2023年3月31日
「介護の仕事をして役に立つことは何でしょうか」と言われて、何を思い浮かべるでしょうか?
「介護福祉士など一生役立つ資格が取れる」「コミュニケーション力がアップする」「いたわりや思いやりの気持ちが強くなる」「昔の音楽や映画、ニュースなどに詳しくなる」「体力がつく」などいろいろあると思いますが、「自分や家族の体の異常にいち早く気付く」ということもあります。
ある男性が仕事中に転倒し、病院に救急搬送されました。医師の診断は「異常なし」で、転倒時にできた顔の傷の処置を受けただけでした。ところが、後で分かったことですが、実は脳出血を起こしていたのです。
ごく微量でしたので医師も気付かず、その後の出血量もわずかずつだったため、本人にも自覚症状がなく、普通に生活をしていました。
異変に最初に気付いたのは、訪問ヘルパーをしている妻でした。食事中、汁がたっぷり入ったお椀を、男性がひっくり返したのです。

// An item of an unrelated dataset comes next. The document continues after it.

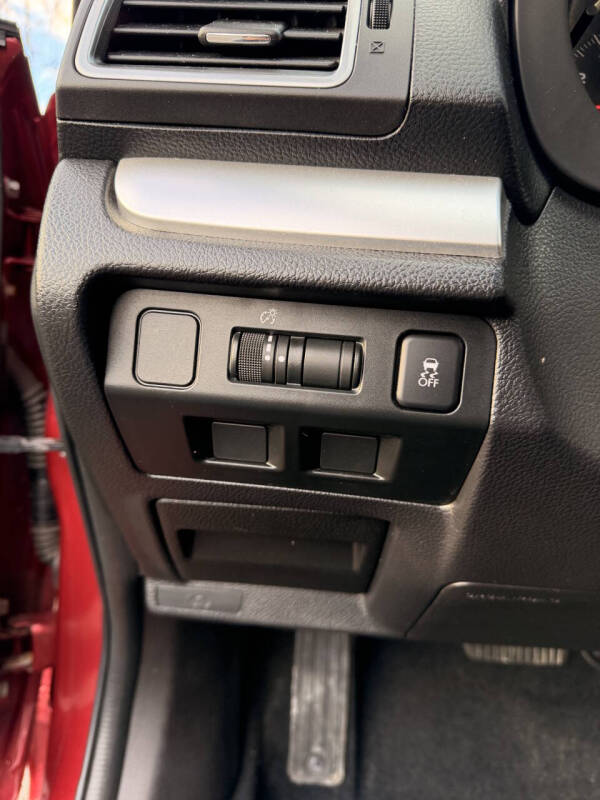 2015 Subaru Impreza 2.0i Premium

普通の人なら「もう、あなたも年ね」と笑って済ませるか、「何をやっているの!もったいない」と叱るところでしょうが、そこは介護職です。「これまで現場で大勢見てきた、脳梗塞などで体が麻痺した高齢者と同じだ」と、ピンと来たのです。すぐに病院に駆け込んで検査をしてもらったところ、脳出血が発見されました。
「人がどうやって体が動かなくなり、どのように認知機能が衰えていくのかをこの目で見てきたからこそ、夫のちょっとした体の異常を見逃すことなく、早期発見につなげることができました。この時ほど『介護の仕事をしていて良かった』と思ったことはありませんでした」。妻はそう胸をなで下ろしていました。